Excerpted records –
━━━━

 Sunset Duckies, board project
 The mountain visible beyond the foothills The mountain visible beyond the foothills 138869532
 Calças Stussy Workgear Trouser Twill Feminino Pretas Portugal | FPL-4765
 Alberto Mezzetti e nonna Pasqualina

━━━━

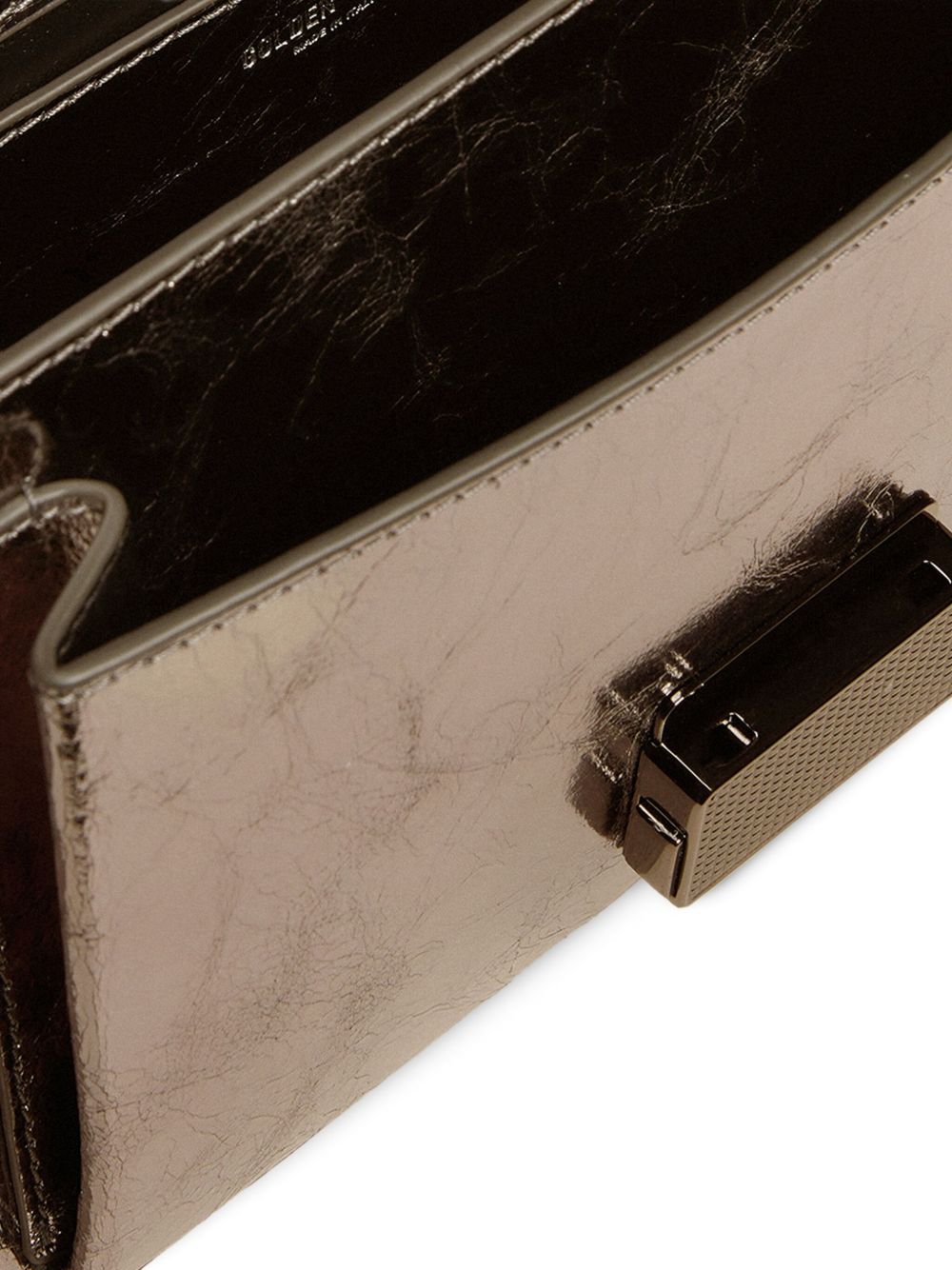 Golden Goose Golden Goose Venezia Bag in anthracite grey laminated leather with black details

━━━━

Task item –
Look through the entries above and quote exactly the lines from the line with "Calças Stussy Workgear" to the line with "Alberto Mezzetti e nonna Pasqualina", counting both of those lines.

Result for this exercise –
 Calças Stussy Workgear Trouser Twill Feminino Pretas Portugal | FPL-4765
 Alberto Mezzetti e nonna Pasqualina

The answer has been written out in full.